Long before my absurd earplug stories, I wrote a series of ‘proper’ books that were (I hope) rather funny, and were definitely rude. The series was entitled Hamster-Sapiens, and it was – for a while at least – quite successful. People actually paid good money for a copy. Unfortunately they took me an age to write, so I (mistakenly) decided to look elsewhere for inspiration – I.E my camera. This extract is from my favourite volume – The Psychic Historian, first written in (I think) 2008.

 In the short while that he’d been staying at Area Ninety-Nine, Turbine had clearly embraced science and technology. He even wore a brilliant-white lab-coat to emphasize the fact. And, amazingly, he’d proven most adept at creating vile cultures and ferocious moulds.

“Here,” he said to the chief scientist who was working on the task of creating a particularly virulent strain of Hamsters Arse with which Turbine intended to eradicate the prairie dog population of Prairie Dog City, “this is the latest batch.”

Turbine was sweating profusely – not from sheer effort, or the strain of long nights with his eye pressed against his microscope, but from heat-exhaustion.

“How long before they fix the air conditioning?” Turbine asked his boss.

“Indefinite I’m afraid, young Turbine.” The grey-muzzled old hamster replied as gently as he could, “They can make this technology work – but they don’t understand the principle upon which it works. It’s packed up.” He wailed, “And no one knows how to fix it!”

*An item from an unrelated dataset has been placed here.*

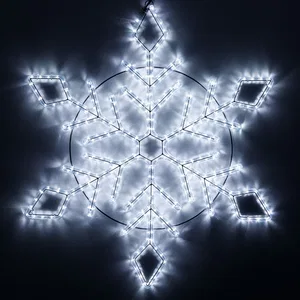 Фигура светодиодная ARD-SNOWFLAKE-M9-900x900-360LED White (230V, 22W) (Ardecoled, IP65, 1 год)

This was of great concern to Turbine. “This is of great concern to me.” he informed the chief scientist. “If my cultures get too hot they could grow at an incredible pace. They could replicate themselves exponentially over a matter of minutes, and break free from their electromagnetic constraints. Then we’d be right in the shit.”

Unfortunately Colin happened to passing at the time, and had caught every word. Even more unfortunately he chose to act upon them. He rushed from the room, raced along the corridor, dashed into the room that was labelled ‘Vile Cultures & Ferocious Moulds’, and began fanning the equipment with the hem of his lab coat. But most unfortunately of all – the speed of his fanning increased with every passing second until his paws became a blur, and the movement of air resembled a hurricane in miniature. The result of this action was that the table upon which the aforementioned cultures and moulds rested delicately was blown over, and the contents of the dishes were tossed into the ventilation system.

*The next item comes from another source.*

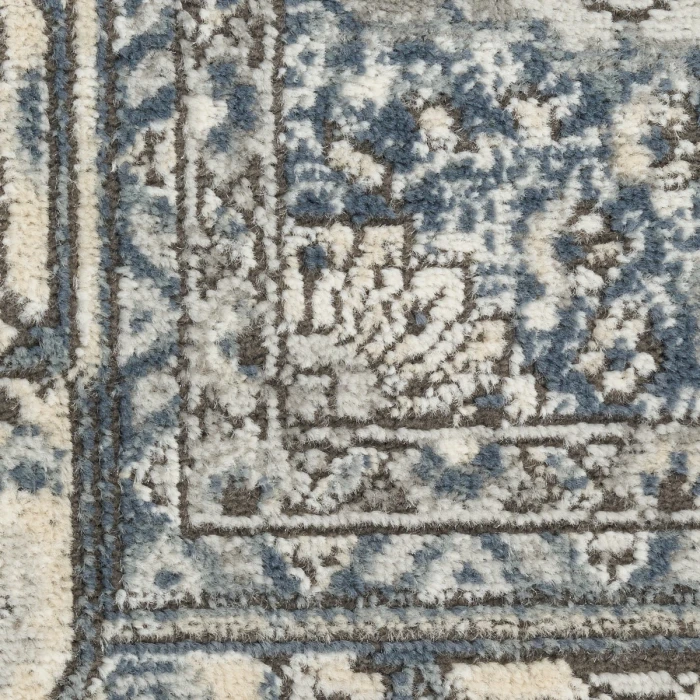Nourison Quarry Ivory Navy QUA18 6 ft. X 9 ft. Rect. Rug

“Oh – dear.” Colin said as he realized his error. “I wonder if those spores were as dangerous as they looked?”

These were ominous-sounding words. They were the sort of words that made folk wince, and think ‘Now why didn’t he keep his big stupid gob shut?’ They were the sort of words that tempted fate to do its worst. Colin then compounded his verbal error by adding, “Oh I don’t suppose it was anything very important. I mean – what harm could a few spores in a ventilation system do? It’s not like it’ll bring down an entire civilization or anything.”

A few minutes later – as he was sauntering back the way he’d come – Colin discovered the truth of the matter. He was just pausing to adjust his wim-wom valve, when two burly guard-rats entered the corridor through a tubular emergency conduit. They wore isolation suits, and carried heavy-duty electric riot-prods.

“You.” One wearing a particularly shiny fez, upon which the words ‘Captain of the Guard’ had been hastily scribbled in felt-tip pen, growled, “Come with us.”